■ **Task requirements**
Only some lines are wanted. Transcribe, exactly, the lines below from the line with "T-shirt Je Porte" up to and including the line with "Benefits of Milling".

Given data Start Marker

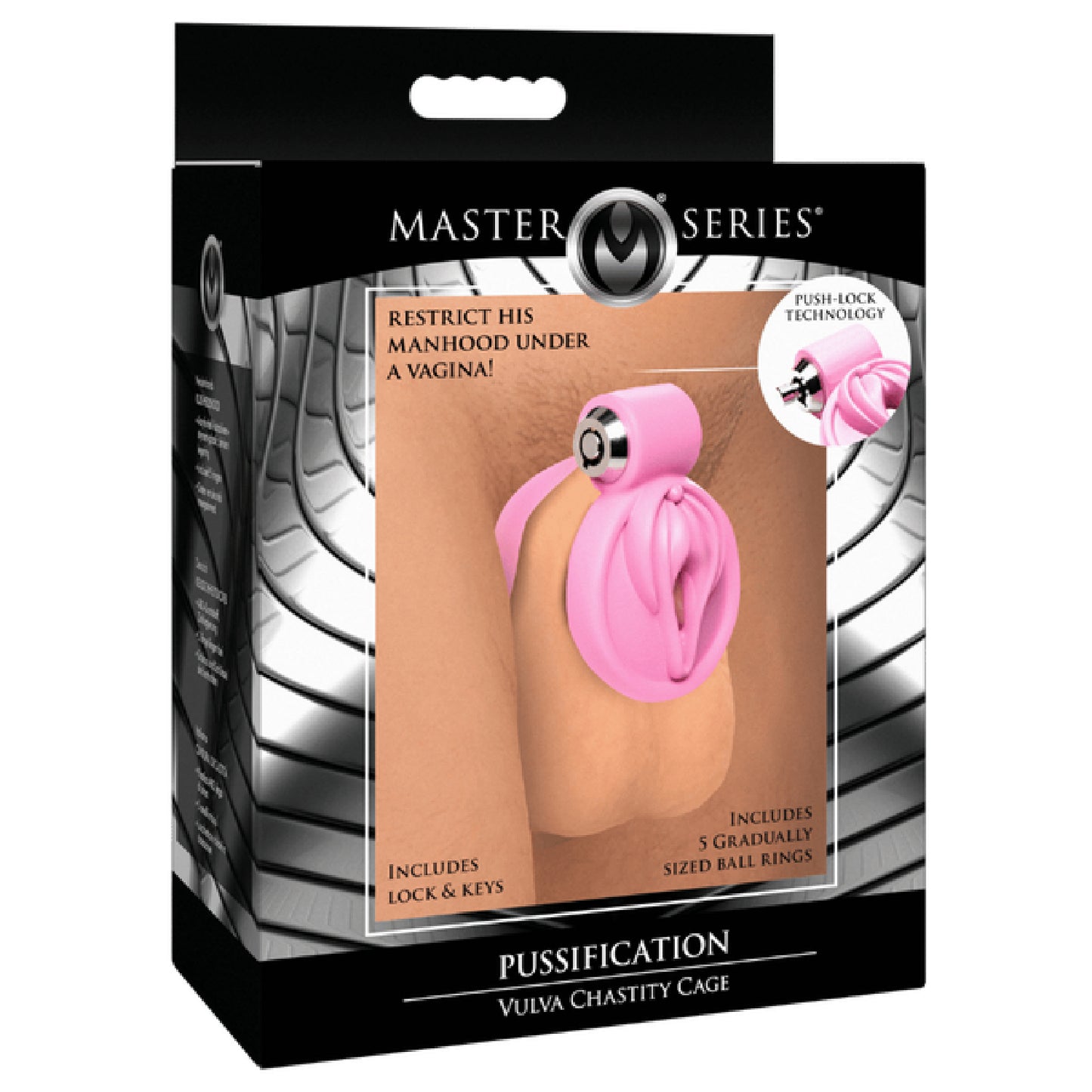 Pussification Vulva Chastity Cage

Given data End Marker
Given data Start Marker

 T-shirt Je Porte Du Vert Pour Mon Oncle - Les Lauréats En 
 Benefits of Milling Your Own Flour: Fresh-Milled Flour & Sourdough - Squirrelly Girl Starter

Given data End Marker

■ **Problem solution**
 T-shirt Je Porte Du Vert Pour Mon Oncle - Les Lauréats En 
 Benefits of Milling Your Own Flour: Fresh-Milled Flour & Sourdough - Squirrelly Girl Starter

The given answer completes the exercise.